Everybody comes to Rick's café — exiles from the Nazis, corrupt officials, and Ilsa Lund, the great lost love of Rick's life.

We can debate whether Casablanca is the best movie ever made. It may be. Certainly few other movies are so universally recognized as expressing the deepest truths about human life — and are also so much fun.

As time goes by, it becomes increasingly unlikely that anyone will ever make a movie better than Casablanca. On its 50th anniversary in 1992, more people saw Casablanca at the Stanford Theatre than anywhere else in the world.

"Of all the movie theatres in all the towns in all the world, they walk into ours."

Casablanca has been the most widely attended film at the Stanford Theatre — 132,850 tickets since 1989.
first played at the Stanford Theatre Feb 24, 1943; last played Jan 2026

"If you lose a son, you can always get another, but there's only one Maltese Falcon."
The Maltese Falcon (1941) 5:40, 9:25
d/w John Huston, from the novel by Dashiell Hammett. ph Arthur Edeson. m Adolph Deutsch. Warner Bros. 101 min.
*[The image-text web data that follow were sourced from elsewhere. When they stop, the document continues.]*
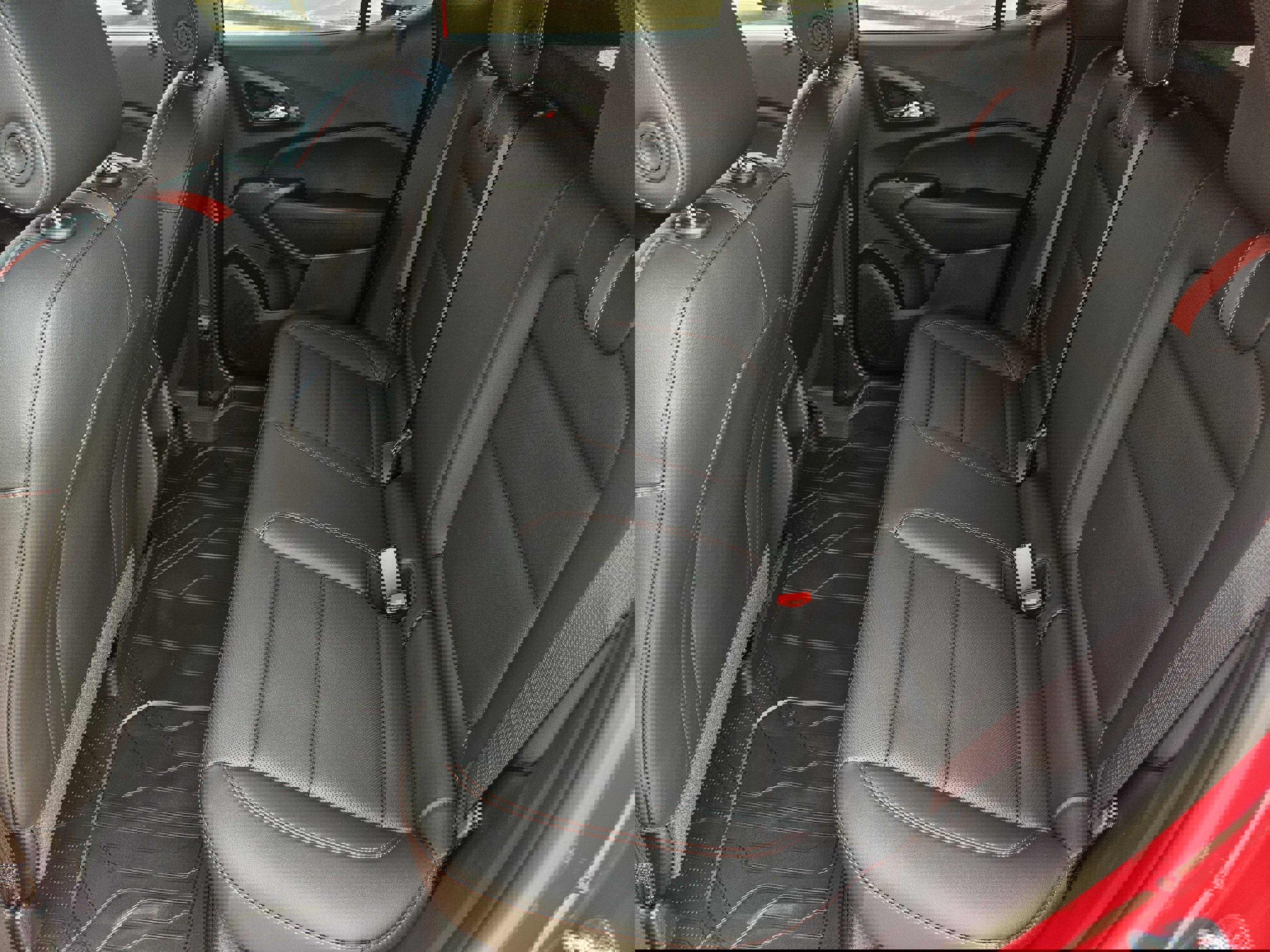 New 2026 Chevrolet Trax RS image 24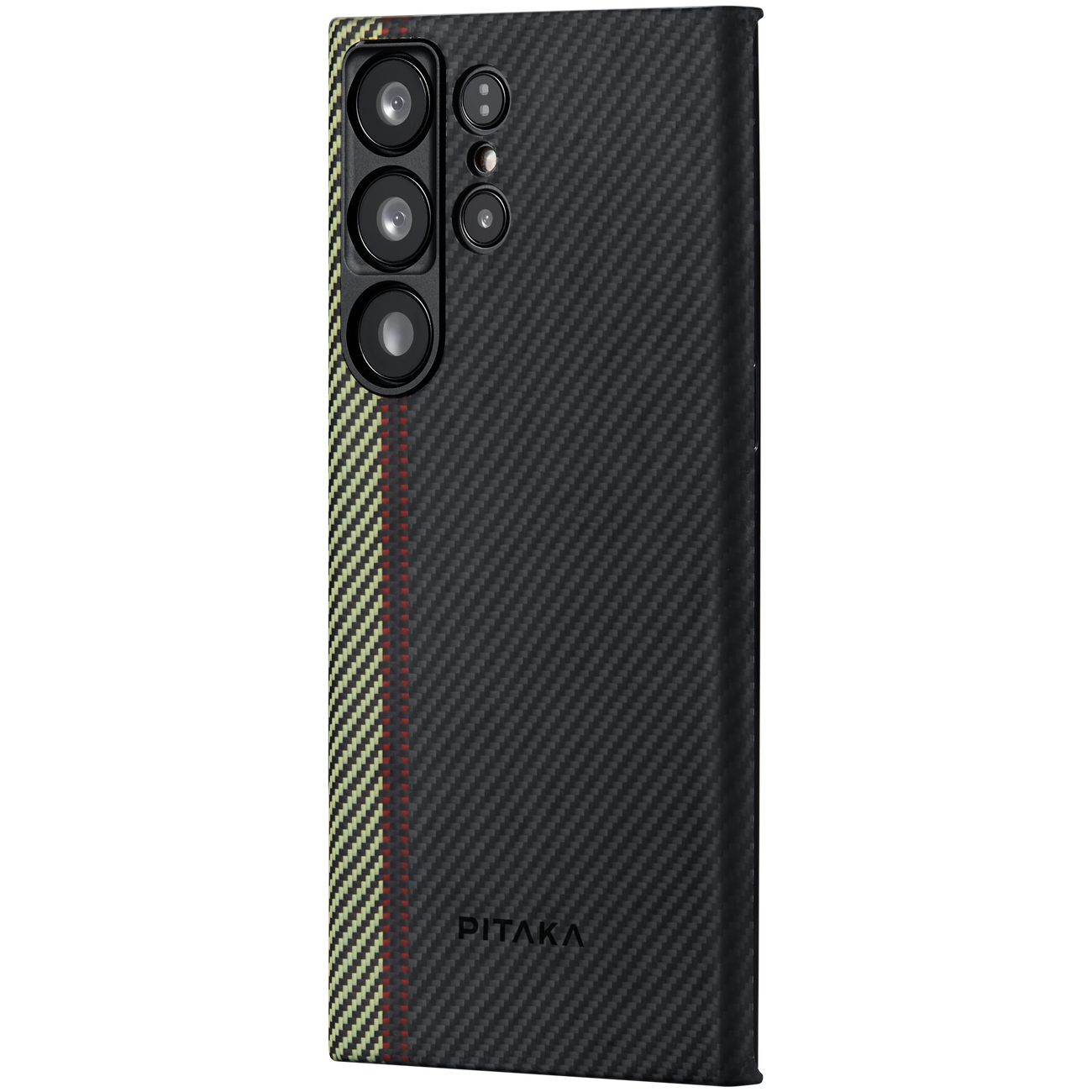 Чехол Pitaka для Samsung 23 Ultra FO2301U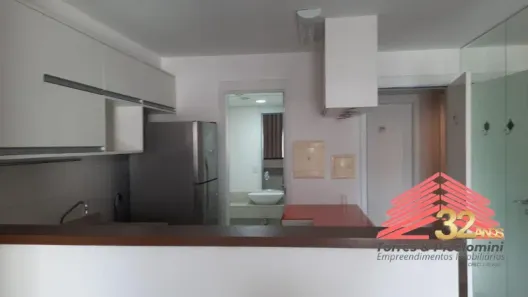 Flat com 1 Quarto à venda, 46m² no Mooca, São Paulo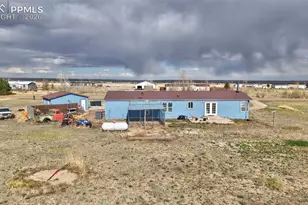 1306 Buffalo Run Rd, Calhan, CO 80808 - Photo 39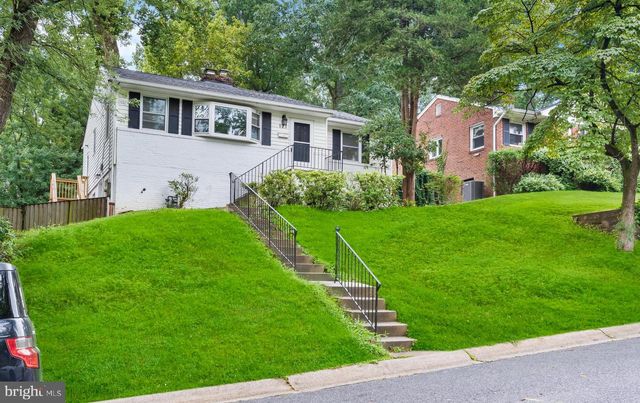 121 WHITMOOR TER, Silver Spring, MD 20901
Humphrey Bogart (Sam Spade), Mary Astor (Brigid O'Shaugnessy), Gladys George (Iva Archer), Peter Lorre (Joel Cairo), Barton MacLaine (Lt. Dundy), Lee Patrick (Effie Perrine), Sydney Greenstreet (Kasper Gutman), Ward Bond (Tom Polhaus), Jerome Cowan (Miles Archer), Elisha Cook, Jr. (Wilmer Cook), James Burke (Luke), Murray Alper (Frank Richman), John Hamilton (Bryan), Emory Parnell (Mate of La Paloma), Walter Huston (Capt. Jacobi).

Sam Spade joins in the quest for that priceless black statue — the stuff that dreams are made of.

Widely regarded as the archetype of the film noir genre, this film established Bogart as a star of the first rank.

"Humphrey Bogart's most exciting role was Sam Spade, that ambiguous mixture of avarice and honor, sexuality and fear, who gave new dimensions to the detective genre." Pauline Kael

The Maltese Falcon has been the thirteenth most widely attended film at the Stanford Theatre — 51,127 tickets since 1989.
first played at the Stanford Theatre Jan 29, 1942; last played Sep 2024


June 29 – 30: closed

July 1 – 2:
As Young As You Feel (1951) d Harmon Jones. w Lamar Trott, from a story by Paddy Chayefsky. ph Joe MacDonald. m Cyril Mockridge. 20th Century Fox. 77 min.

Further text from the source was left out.